In base agli ultimi dati Istat, relativi al 2023, la povertà assoluta in Italia colpisce l’8,5% delle famiglie e il 9,8% degli individui, per un totale di 2 milioni 235 mila famiglie e 5 milioni 752 mila individui. Negli ultimi 10 anni, l’incidenza della povertà assoluta a livello familiare è salita dal 6,2 all’8,5%, e quella individuale dal 6,9 al 9,8%.
È utile anche l’ultimo Rapporto Caritas per capire meglio. Non solo è aumentata la povertà di chi non ha lavoro, ma anche di chi
ce l’ha: il 48% di chi cerca aiuto ha infatti un’occupazione formale, spesso anche a tempo pieno.
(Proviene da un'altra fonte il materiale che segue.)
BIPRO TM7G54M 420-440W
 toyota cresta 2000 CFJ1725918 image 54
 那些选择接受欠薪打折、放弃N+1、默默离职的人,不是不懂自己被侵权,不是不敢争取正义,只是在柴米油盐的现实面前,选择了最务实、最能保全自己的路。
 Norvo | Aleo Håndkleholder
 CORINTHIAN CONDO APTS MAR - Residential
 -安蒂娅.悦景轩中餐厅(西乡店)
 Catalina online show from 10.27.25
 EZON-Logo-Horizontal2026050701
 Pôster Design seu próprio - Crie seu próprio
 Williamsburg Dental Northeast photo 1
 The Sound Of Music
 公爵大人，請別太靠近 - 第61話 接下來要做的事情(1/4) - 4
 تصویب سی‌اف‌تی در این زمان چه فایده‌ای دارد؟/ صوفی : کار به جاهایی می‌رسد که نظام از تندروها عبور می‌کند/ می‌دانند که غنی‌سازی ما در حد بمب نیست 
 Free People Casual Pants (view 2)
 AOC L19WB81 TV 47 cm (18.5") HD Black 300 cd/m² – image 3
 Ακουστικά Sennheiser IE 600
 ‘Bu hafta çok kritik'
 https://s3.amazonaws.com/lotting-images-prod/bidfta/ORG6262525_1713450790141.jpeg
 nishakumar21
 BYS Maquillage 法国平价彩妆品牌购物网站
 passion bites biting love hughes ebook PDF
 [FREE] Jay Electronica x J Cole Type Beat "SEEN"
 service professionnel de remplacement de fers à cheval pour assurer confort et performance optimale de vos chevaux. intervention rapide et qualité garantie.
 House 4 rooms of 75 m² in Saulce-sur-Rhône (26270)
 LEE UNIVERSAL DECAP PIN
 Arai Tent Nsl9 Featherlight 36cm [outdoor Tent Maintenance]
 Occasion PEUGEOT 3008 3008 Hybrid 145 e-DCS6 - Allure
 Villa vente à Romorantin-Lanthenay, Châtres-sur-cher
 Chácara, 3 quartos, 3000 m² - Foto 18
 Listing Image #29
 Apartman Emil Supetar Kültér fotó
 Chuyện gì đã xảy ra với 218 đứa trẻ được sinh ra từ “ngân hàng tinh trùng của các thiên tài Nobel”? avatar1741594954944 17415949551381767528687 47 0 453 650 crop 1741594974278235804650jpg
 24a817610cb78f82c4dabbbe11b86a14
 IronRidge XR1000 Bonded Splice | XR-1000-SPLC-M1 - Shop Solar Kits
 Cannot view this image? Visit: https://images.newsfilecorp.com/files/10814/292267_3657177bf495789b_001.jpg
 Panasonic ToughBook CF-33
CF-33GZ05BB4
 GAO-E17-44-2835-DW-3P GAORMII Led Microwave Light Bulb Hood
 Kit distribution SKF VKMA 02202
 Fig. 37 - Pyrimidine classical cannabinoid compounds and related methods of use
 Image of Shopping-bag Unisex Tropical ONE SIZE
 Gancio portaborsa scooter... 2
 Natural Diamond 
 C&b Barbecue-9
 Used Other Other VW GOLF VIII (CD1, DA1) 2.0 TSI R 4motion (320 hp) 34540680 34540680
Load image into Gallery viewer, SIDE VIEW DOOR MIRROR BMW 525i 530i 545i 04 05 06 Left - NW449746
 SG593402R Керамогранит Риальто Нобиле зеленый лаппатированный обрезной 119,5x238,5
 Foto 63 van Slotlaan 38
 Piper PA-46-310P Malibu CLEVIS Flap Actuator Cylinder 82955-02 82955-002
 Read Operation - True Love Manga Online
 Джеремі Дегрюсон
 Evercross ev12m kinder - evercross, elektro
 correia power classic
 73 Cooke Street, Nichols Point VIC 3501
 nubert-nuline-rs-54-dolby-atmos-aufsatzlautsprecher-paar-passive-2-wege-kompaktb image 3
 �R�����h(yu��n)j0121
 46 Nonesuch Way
Fra le testimonianze raccolte dalla Caritas troviamo Valeria, 36 anni, commessa part-time a Milano: “Lavoro 30 ore a settimana e a fine mese non arrivo comunque a 900 euro. Devo scegliere se pagare le bollette o fare la spesa”. Il Reddito di cittadinanza avrebbe almeno integrato il suo reddito familiare fino a 1.300.
E anche il rapporto Istat 2025 su condizioni di vita e reddito delle famiglie – riferito al 2024 – registra un aumento: il 23,1 % della popolazione è a rischio di povertà o esclusione sociale (in aumento dal 22,8 % del 2023).
Nel frattempo il governo ha allentato le maglie dei controlli sui contributi: oggi un’azienda può trattenere i versamenti previdenziali dei dipendenti per tre mesi senza subire conseguenze immediate. Un credito a costo zero, pagato con i diritti dei lavoratori. Inoltre, sono tornati (peggiorati) i voucher, che non coprono più nemmeno le finzioni contrattuali del passato. Il rischio, concreto, è quello di una regolarizzazione del precariato sotto forma di “opportunità” e “flessibilità”.
Giorgia Meloni ha creato occupazione senza dignità e ha
intrappolato forza lavoro in una trappola: povera, precaria, frammentata, invisibile. Ha ristretto le tutele ai “meritevoli”, dividendo i poveri in serie A, B e C. Ha trasformato il mercato del lavoro in un’arena in cui chi è disperato lavora per sopravvivere, non per vivere.
È un modello di Paese che non premia il lavoro, ma il ricatto. E che si regge su un’equazione disumana: se hai fame, accetti tutto. Anche l’ingiustizia.